Памятуя все это, съедать своего «сотрудника» мне не хотелось, да и сам вид опаленного на костре животного не вызывал гастрономического интереса. Но есть надо было! Во-первых, чтобы своим отказом не обидеть товарищей, во-вторых, чтобы самому оценить это экзотическое монгольское блюдо, а в-третьих, — ничего другого в нашем меню не было.
Мясо пахло костром и еловыми шишками. Оно оказалось сочным и румяным, как «цыпленок-табака», неожиданно сладковатым на вкус и довольно жирным. Впрочем, жир и является одним из главных достоинств тарбагана, который, по народному поверью, исцеляет человека и делает его сильным.
— Ну как, приобщили Вас к тарбаганьему мясу? — полюбопытствовали мои спутники, когда от бодога остались одни косточки.
— Приобщили, но теперь мой черед — приучить вас к рыбе. Идет?

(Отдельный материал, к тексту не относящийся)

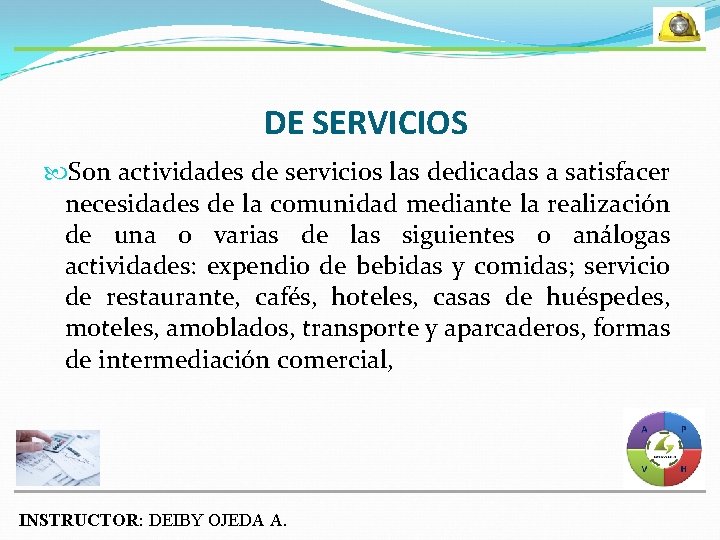 DE SERVICIOS Son actividades de servicios las dedicadas a satisfacer necesidades de la comunidad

После бодога последовало традиционное чаепитие, во время которого мы обменялись своими впечатлениями. Однако наша беседа не затянулась, ибо усталость прошедшего в напряжении дня давала о себе знать. Провожаемые серебристым диском луны и самоцветьем звезд, рассыпавшихся в бархатно-черном небе, мы нырнули в палатку и моментально заснули.
Потоп
В последующие два дня мы с трудом продвинулись на 20 км вдоль левого берега Чулутын-гола. Дорога все петляла в лавовом поле среди каменных завалов и мрачно черневших останцов, напоминавших своей причудливой формой какие-то фантастические башни.
К счастью, путь пролегал в каких-нибудь 100–200 м от каньона, ставшего главным объектом наших исследований. Это позволяло чаще делать остановки и заглядывать в «нутро» пропасти.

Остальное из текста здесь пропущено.